Your objective: Would you print the lines below exactly, beginning at the line that has "Now rinse. To" and stopping after the line that has "Let's take a"? Only those lines, and no pictures.

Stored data
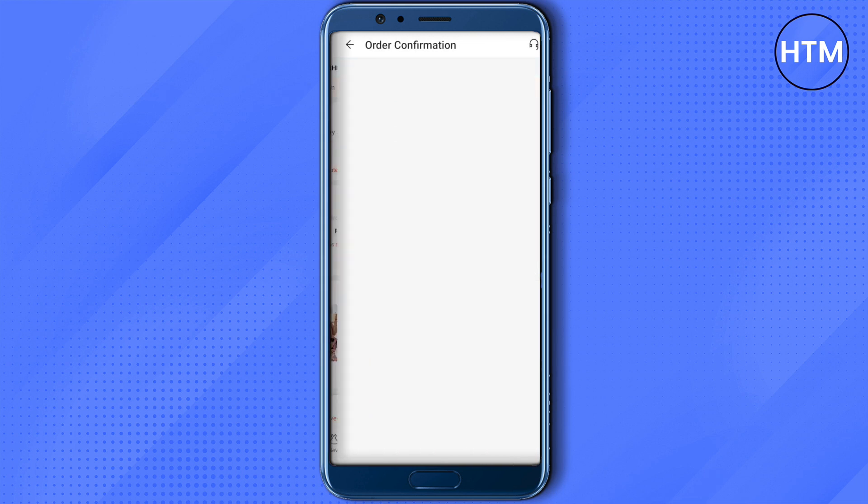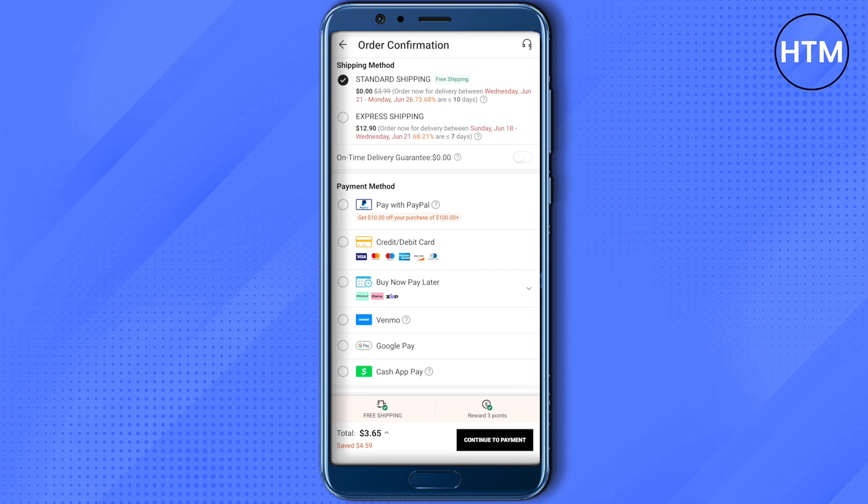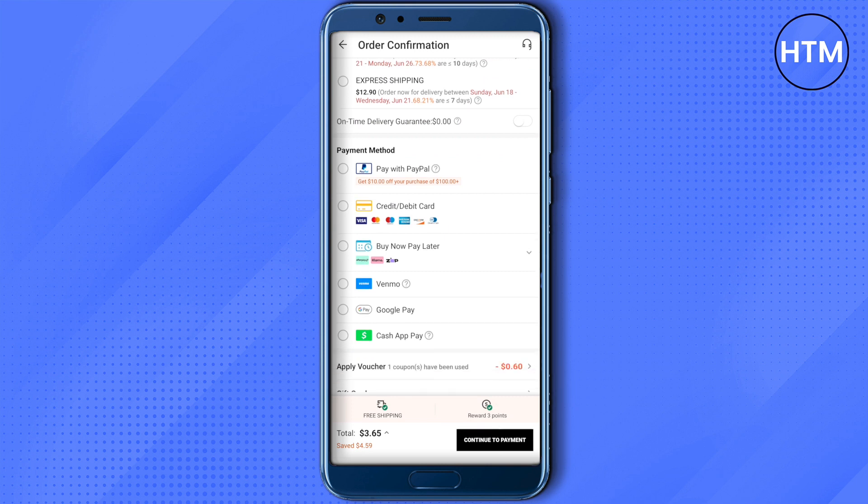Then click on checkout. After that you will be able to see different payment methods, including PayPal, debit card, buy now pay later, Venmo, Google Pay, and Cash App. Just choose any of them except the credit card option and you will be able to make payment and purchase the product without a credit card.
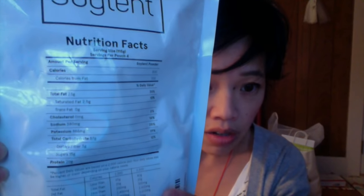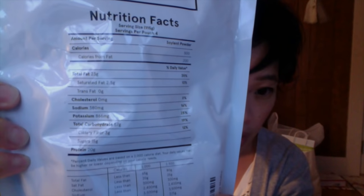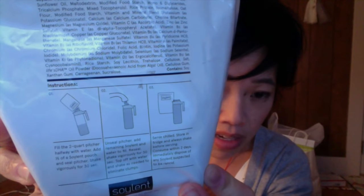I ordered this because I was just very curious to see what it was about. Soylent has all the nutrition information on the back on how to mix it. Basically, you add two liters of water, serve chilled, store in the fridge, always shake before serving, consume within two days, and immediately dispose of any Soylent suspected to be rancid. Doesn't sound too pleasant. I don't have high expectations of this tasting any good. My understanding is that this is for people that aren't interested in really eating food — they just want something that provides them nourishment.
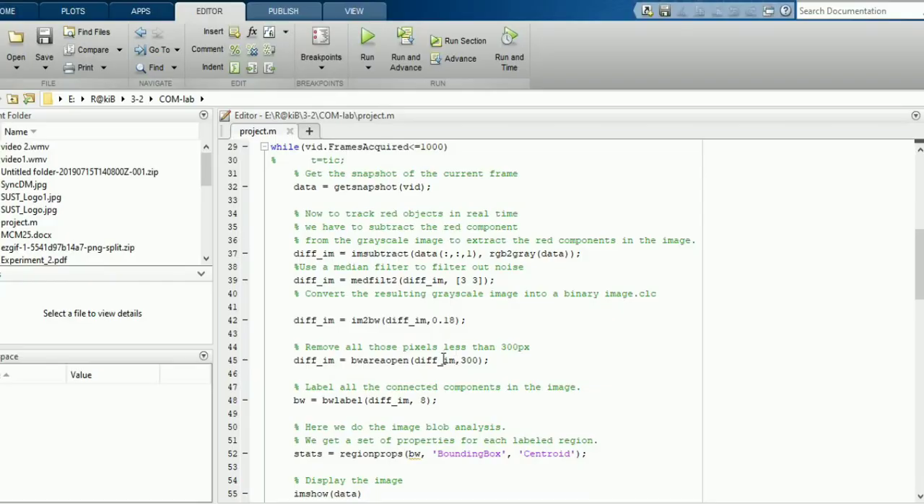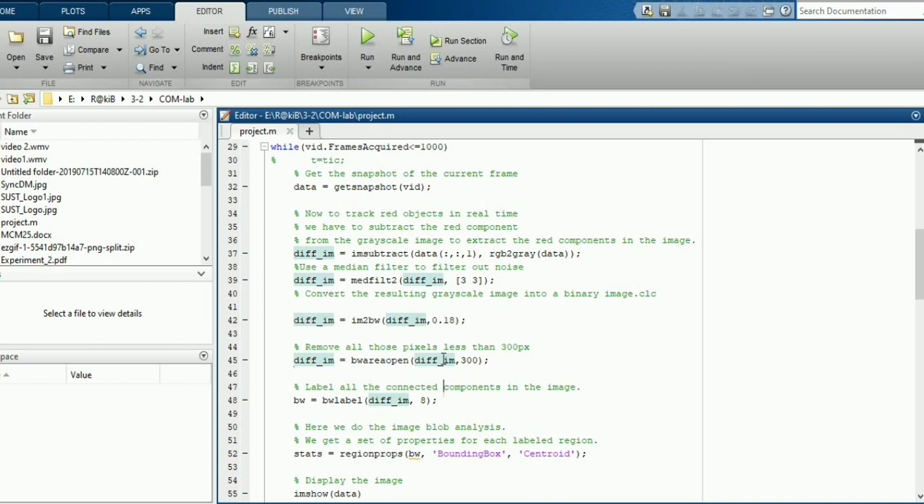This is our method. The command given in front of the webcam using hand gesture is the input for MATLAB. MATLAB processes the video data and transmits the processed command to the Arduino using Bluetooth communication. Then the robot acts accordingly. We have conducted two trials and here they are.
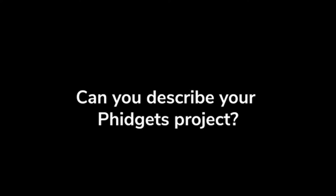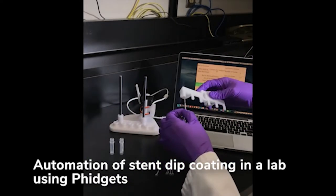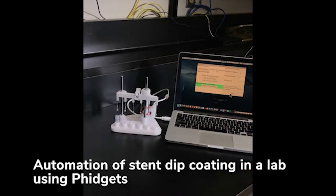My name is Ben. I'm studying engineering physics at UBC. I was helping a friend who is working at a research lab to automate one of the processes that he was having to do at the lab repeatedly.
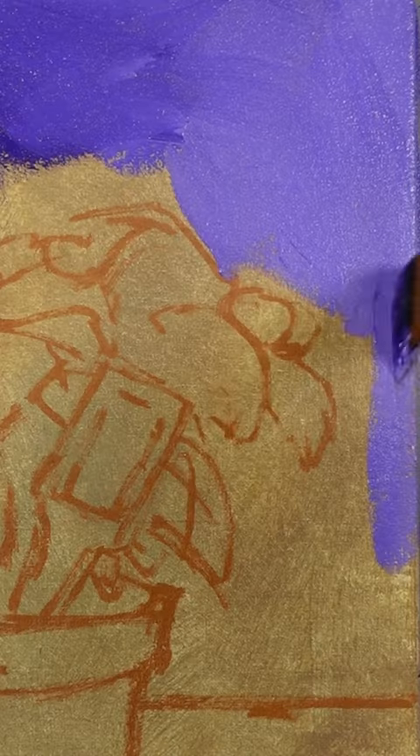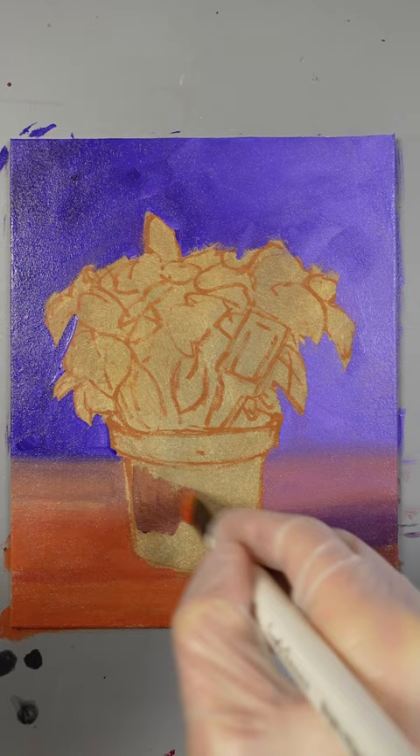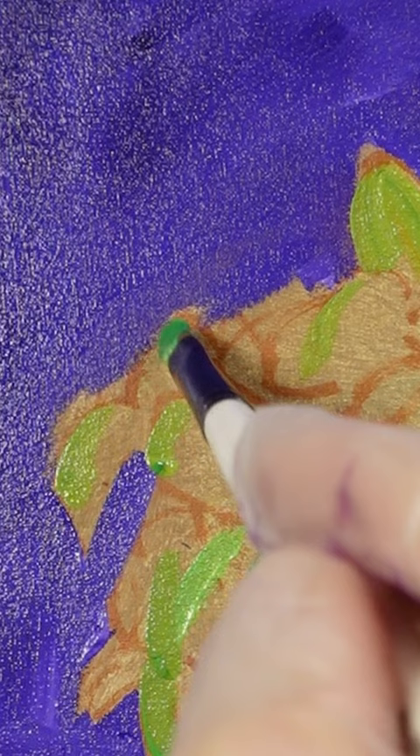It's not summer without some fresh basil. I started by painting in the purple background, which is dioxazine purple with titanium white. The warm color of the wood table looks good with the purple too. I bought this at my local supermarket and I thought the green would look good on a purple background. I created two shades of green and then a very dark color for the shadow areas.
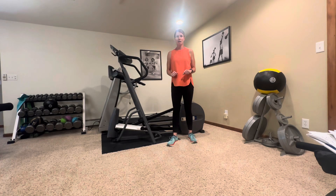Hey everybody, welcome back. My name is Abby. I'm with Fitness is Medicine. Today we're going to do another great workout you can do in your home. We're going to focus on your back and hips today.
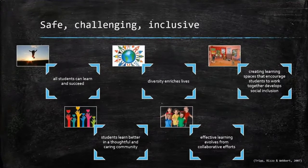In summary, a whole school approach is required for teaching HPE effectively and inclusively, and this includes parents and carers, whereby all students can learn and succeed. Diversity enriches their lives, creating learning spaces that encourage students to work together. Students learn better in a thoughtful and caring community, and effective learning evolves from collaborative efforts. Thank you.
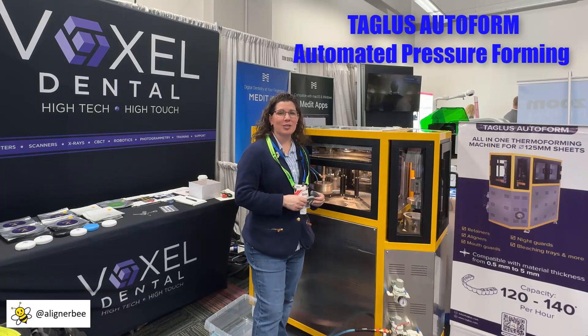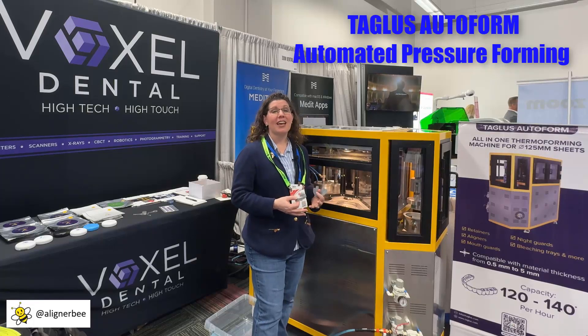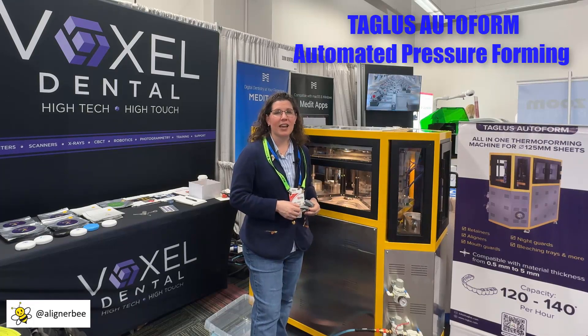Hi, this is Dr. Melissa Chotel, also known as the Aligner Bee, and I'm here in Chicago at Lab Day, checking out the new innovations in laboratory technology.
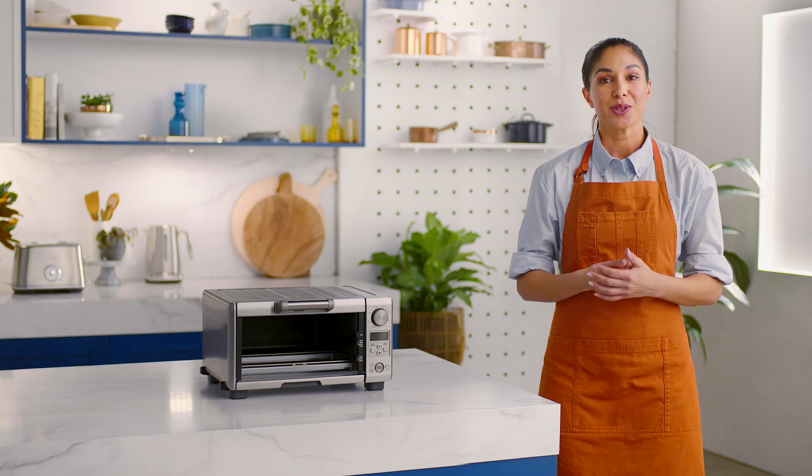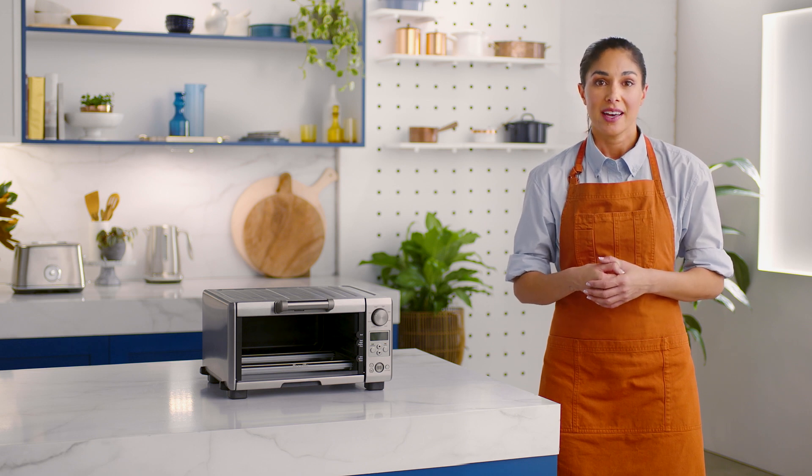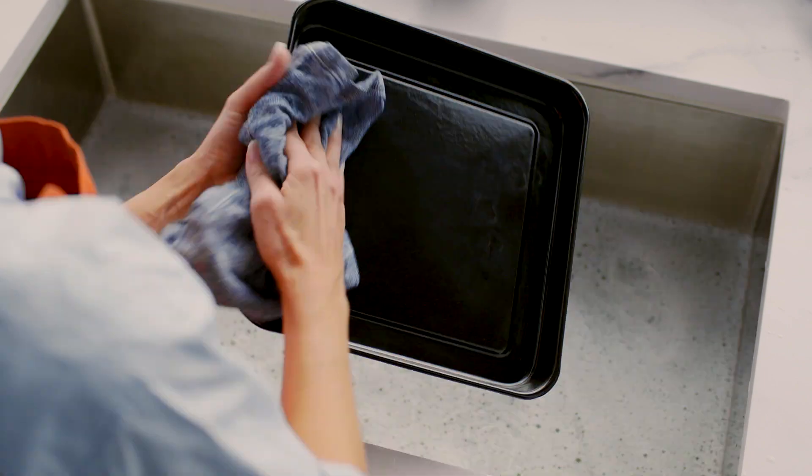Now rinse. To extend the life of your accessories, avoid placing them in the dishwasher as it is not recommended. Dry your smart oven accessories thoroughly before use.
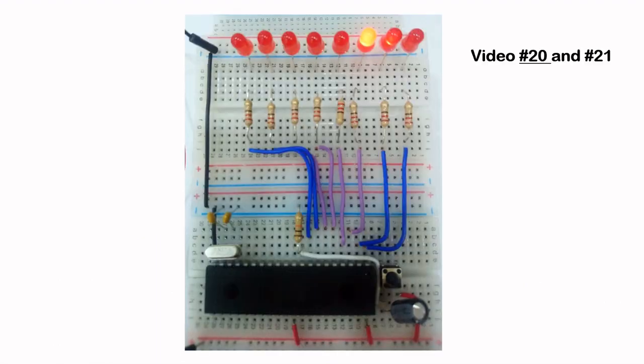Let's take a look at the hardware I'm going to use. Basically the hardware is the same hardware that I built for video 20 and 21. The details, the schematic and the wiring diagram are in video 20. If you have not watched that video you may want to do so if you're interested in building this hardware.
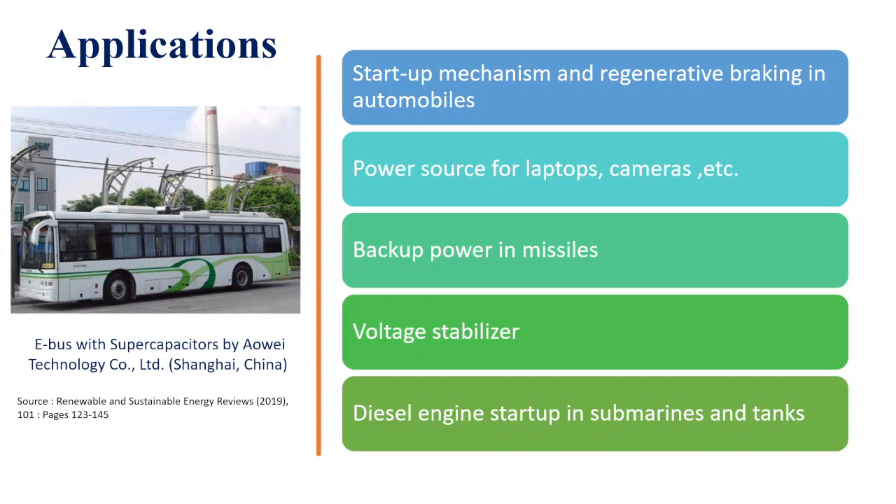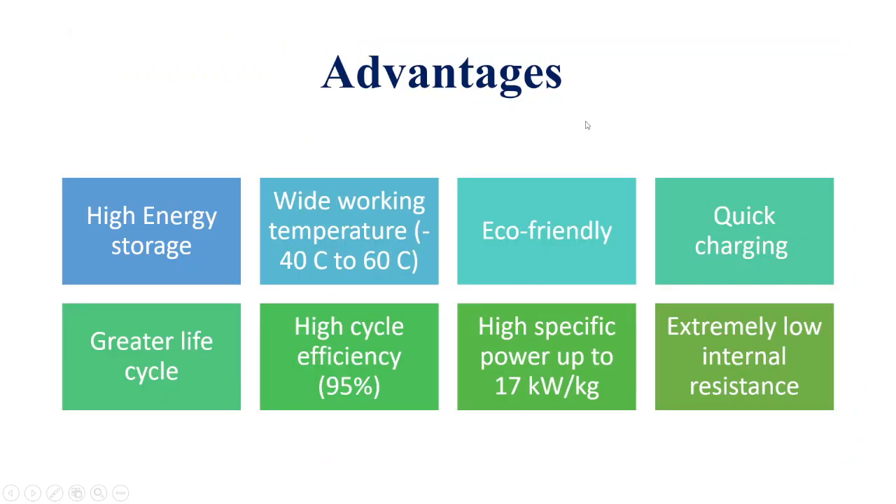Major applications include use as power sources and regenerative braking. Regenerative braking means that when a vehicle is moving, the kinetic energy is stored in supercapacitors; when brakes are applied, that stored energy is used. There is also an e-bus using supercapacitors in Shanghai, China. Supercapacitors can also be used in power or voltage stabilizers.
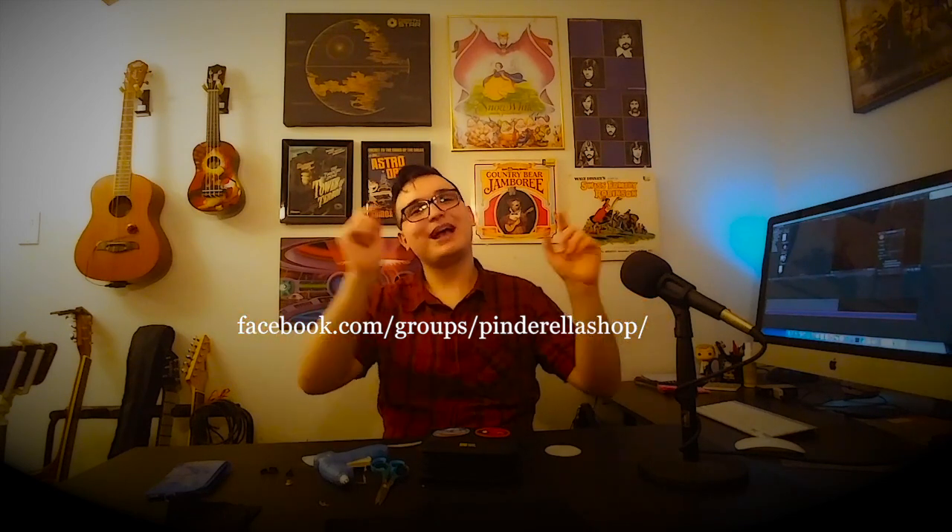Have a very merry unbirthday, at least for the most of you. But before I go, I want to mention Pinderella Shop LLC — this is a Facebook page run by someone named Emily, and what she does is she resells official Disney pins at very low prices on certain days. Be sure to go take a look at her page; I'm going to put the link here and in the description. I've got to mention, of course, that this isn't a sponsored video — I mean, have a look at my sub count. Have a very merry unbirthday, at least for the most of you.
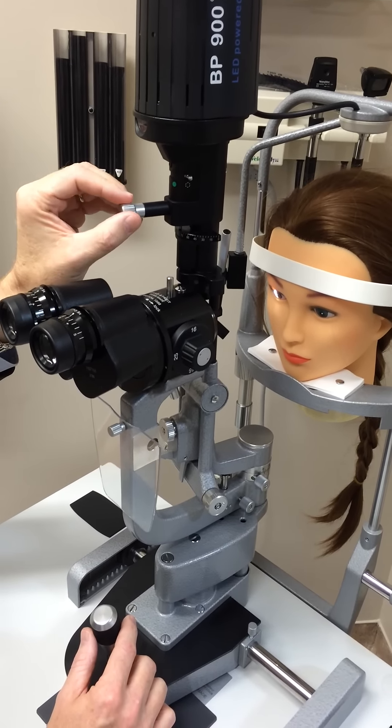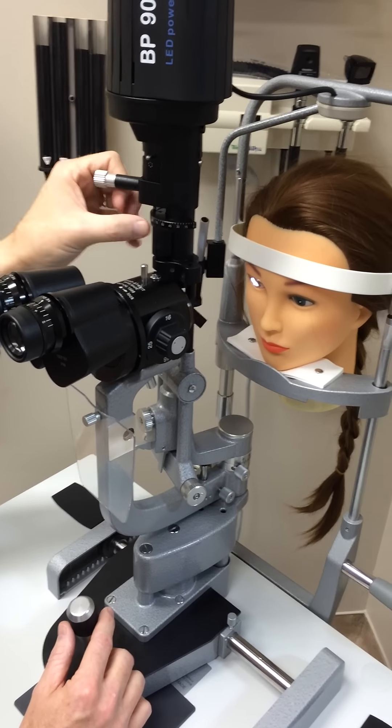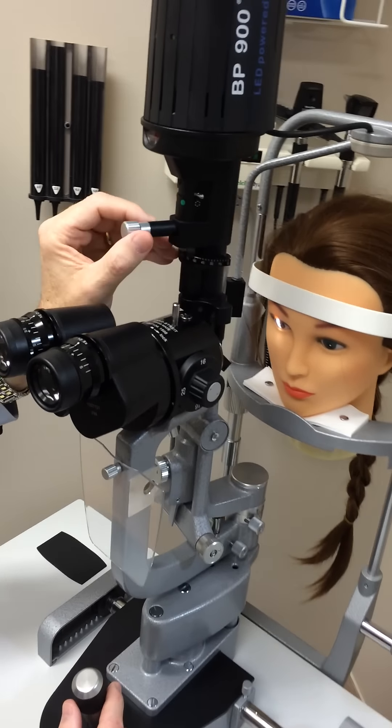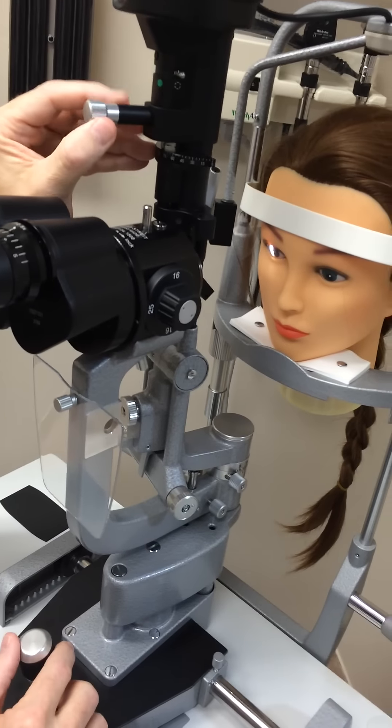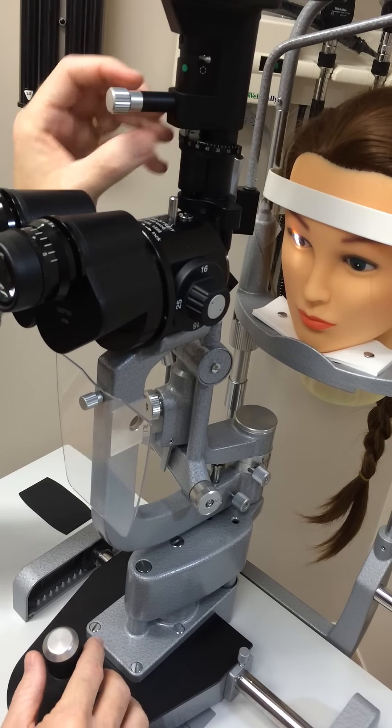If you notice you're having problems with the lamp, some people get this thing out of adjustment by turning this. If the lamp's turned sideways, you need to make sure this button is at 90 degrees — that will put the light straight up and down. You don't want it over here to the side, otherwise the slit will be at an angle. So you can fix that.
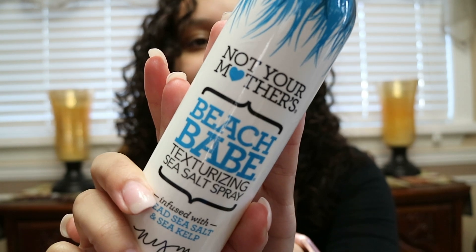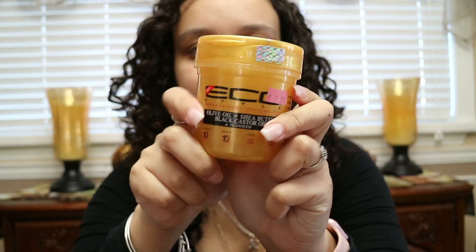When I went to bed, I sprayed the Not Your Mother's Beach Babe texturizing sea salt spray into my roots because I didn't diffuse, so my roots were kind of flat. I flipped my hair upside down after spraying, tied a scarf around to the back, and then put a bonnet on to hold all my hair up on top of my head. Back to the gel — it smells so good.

Answer to this problem:
Now rinse. To extend the life of your accessories, avoid placing them in the dishwasher as it is not recommended. Dry your smart oven accessories thoroughly before use.
Let's take a look at the hardware I'm going to use. Basically the hardware is the same hardware that I built for video 20 and 21. The details, the schematic and the wiring diagram are in video 20. If you have not watched that video you may want to do so if you're interested in building this hardware.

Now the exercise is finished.